» **Task prompt**:
Down to the last line, set down the material below exactly, excluding pictures.

(Beginning of Raw data)

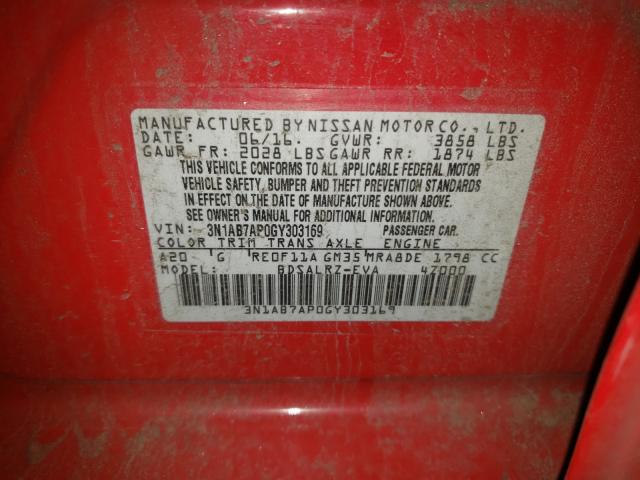 Photo 9 VIN: 3N1AB7AP0GY303169 - NISSAN SENTRA S 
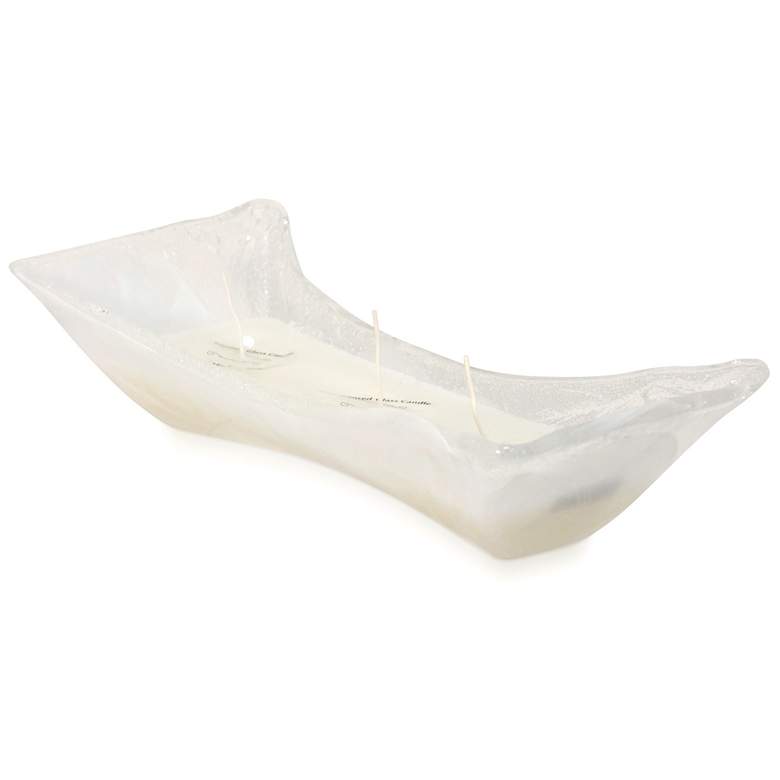 Image 1 Zattera Candle - White Swirl Murano Dish With 3 Wick scented Candle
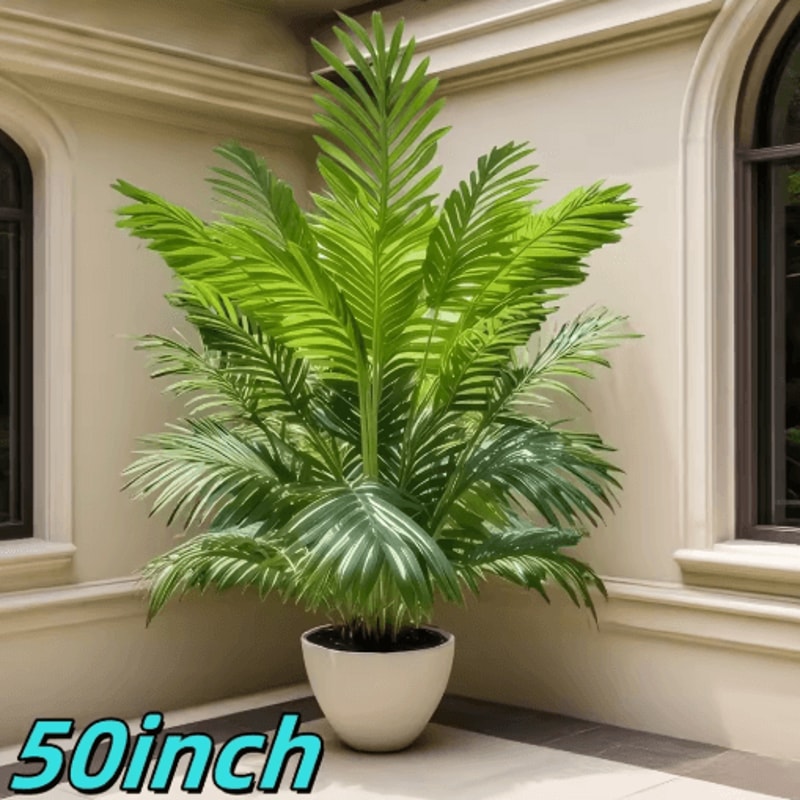 50Inch Artificial Palm Tree Realistic Tropical Plant For Indoor Outdoor Decor 0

(End of Raw data)

» **Response area**:
 Photo 9 VIN: 3N1AB7AP0GY303169 - NISSAN SENTRA S 
 Image 1 Zattera Candle - White Swirl Murano Dish With 3 Wick scented Candle
 50Inch Artificial Palm Tree Realistic Tropical Plant For Indoor Outdoor Decor 0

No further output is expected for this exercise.